I feel this is wrong but as I stated I am being backed into a corner. If someone has documentation to support how wrong it is to mock up existing documentation as an example of what would support the billing they want to do I would greatly appreciate it. I keep telling them they are approaching this backwards. They need to document what was done and code based on that, not change documentation to match coding. I don't have a problem helping them improve documentation, I have a problem telling them to improve it in a way to support incorrect coding practices that are already in place.

Thanks

Laura, CPC, CEMC


----------



## FTessaBartels (Oct 26, 2009)

*Private message*

Laura,
I'm sending you a PM.
Tessa


----------



## JMeggett (Oct 26, 2009)

*PA-C documentation*

I too feel that just stating at top of Op note that a PA assisted is inadequate.  But I've researched quite extensively and cannot find anything anywhere that states anything more than that needs to be in the documentation.  I even asked a reputable PA-C on the Ortho blog thru DecisionHealth and he said that just listing the Assistant Surgeon: (name)PA-C is sufficient.     Laura, if you find out anything more I would love to hear!  

Jenna


----------



## LLovett (Oct 27, 2009)

There are carriers out there that have very specific guidelines on what they want to see.

Example Blue Cross and Blue Shield of Alabama

http://www.bcbsal.org/providers/manuals/providerManual/guidelinesForAssitantSurgeonClaims.cfm

AAOS has a fairly nice document about it as well,

http://www2.aaos.org/aaos/archives/bulletin/aug06/coding.asp

"The surgeon of record is responsible for identifying the presence of the assistant surgeon or assistant at surgery and the work performed."

The above is from the prior link, they clearly state you need more than just their name in saying they must identify the work performed.

This is one for a health plan that is processing based on Medicare guidelines.

http://www.fchp.org/NR/rdonlyres/F0...AB80A/0/Assistantsrugeonpaymentpolicy9109.pdf

Medicare states the assistant has to actively assist, how else do you show that if not thru documenting what they did?
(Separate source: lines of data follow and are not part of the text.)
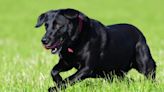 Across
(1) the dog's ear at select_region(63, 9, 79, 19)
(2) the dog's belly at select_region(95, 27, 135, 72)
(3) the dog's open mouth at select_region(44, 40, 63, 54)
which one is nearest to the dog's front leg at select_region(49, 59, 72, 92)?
(3) the dog's open mouth at select_region(44, 40, 63, 54)

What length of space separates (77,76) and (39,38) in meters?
17.2

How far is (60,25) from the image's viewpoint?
7910 millimetres

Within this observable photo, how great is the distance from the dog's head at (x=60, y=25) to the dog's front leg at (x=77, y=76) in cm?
41

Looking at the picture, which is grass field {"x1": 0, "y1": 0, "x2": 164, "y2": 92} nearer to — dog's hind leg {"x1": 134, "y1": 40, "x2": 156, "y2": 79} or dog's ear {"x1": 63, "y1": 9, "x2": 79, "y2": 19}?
dog's hind leg {"x1": 134, "y1": 40, "x2": 156, "y2": 79}

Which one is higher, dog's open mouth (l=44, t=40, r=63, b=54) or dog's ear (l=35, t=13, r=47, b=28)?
dog's ear (l=35, t=13, r=47, b=28)

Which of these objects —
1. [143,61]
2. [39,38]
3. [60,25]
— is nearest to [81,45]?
[60,25]

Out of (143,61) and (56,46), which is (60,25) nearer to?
(56,46)

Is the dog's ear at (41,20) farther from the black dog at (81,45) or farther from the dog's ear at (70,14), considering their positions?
the dog's ear at (70,14)

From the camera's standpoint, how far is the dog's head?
777 centimetres

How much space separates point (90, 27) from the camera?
8.20 meters

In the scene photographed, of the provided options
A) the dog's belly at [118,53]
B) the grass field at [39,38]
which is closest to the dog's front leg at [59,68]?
the grass field at [39,38]

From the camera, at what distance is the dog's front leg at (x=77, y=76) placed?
7.76 metres

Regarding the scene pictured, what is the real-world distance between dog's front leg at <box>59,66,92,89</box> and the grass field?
98mm

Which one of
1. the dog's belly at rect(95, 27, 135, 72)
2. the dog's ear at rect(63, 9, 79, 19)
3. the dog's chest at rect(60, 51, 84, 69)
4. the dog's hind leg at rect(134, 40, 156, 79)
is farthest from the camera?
the dog's hind leg at rect(134, 40, 156, 79) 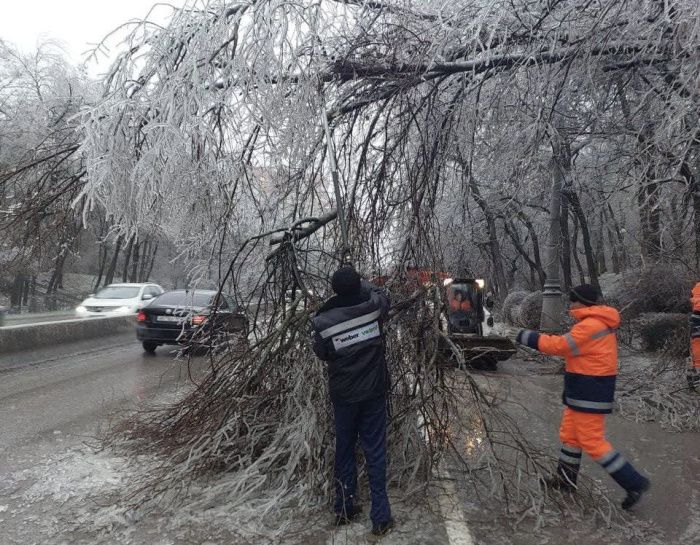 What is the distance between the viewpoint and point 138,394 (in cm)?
823

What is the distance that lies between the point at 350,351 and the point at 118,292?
49.2ft

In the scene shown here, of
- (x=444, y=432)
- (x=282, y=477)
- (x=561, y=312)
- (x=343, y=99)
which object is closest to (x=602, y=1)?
(x=343, y=99)

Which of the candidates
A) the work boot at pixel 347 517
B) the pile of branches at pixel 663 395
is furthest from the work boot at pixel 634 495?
the pile of branches at pixel 663 395

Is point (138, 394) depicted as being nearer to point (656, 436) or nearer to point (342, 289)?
point (342, 289)

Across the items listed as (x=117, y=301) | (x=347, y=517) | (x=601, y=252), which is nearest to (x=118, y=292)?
(x=117, y=301)

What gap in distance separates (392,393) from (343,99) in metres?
2.84

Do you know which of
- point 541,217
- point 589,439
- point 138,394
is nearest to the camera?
point 589,439

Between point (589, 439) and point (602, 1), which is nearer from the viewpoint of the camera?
point (589, 439)

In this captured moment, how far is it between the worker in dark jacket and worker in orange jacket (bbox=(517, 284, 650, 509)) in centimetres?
135

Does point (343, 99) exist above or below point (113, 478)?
above

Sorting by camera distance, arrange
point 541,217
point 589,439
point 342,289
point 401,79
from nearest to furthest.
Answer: point 342,289 < point 589,439 < point 401,79 < point 541,217

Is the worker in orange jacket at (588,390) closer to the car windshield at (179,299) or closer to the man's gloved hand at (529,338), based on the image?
the man's gloved hand at (529,338)

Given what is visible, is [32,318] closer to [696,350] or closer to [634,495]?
[696,350]

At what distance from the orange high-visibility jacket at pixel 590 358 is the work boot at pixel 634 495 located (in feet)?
1.90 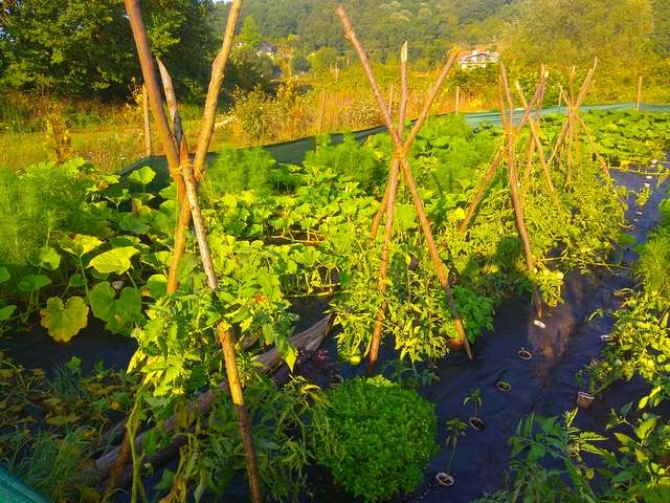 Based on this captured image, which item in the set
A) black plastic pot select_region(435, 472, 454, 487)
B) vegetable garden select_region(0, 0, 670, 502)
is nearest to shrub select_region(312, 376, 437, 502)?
vegetable garden select_region(0, 0, 670, 502)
There are 4 modifiers dealing with assistant surgeons. AS for non-physician surgical assistants (CMS states must be used in addition to the other modifiers) 80 for assistant surgeon, 81 minimum assistant surgeon, and 82 assistant surgeon when no qualified resident is available. 

I have posed the question to the providers, how can you separate out the 80 and 81 if you don't document what was actually done? They responded that there is never a minimum assist, I countered with apparently there is or they wouldn't have a modifier for it. 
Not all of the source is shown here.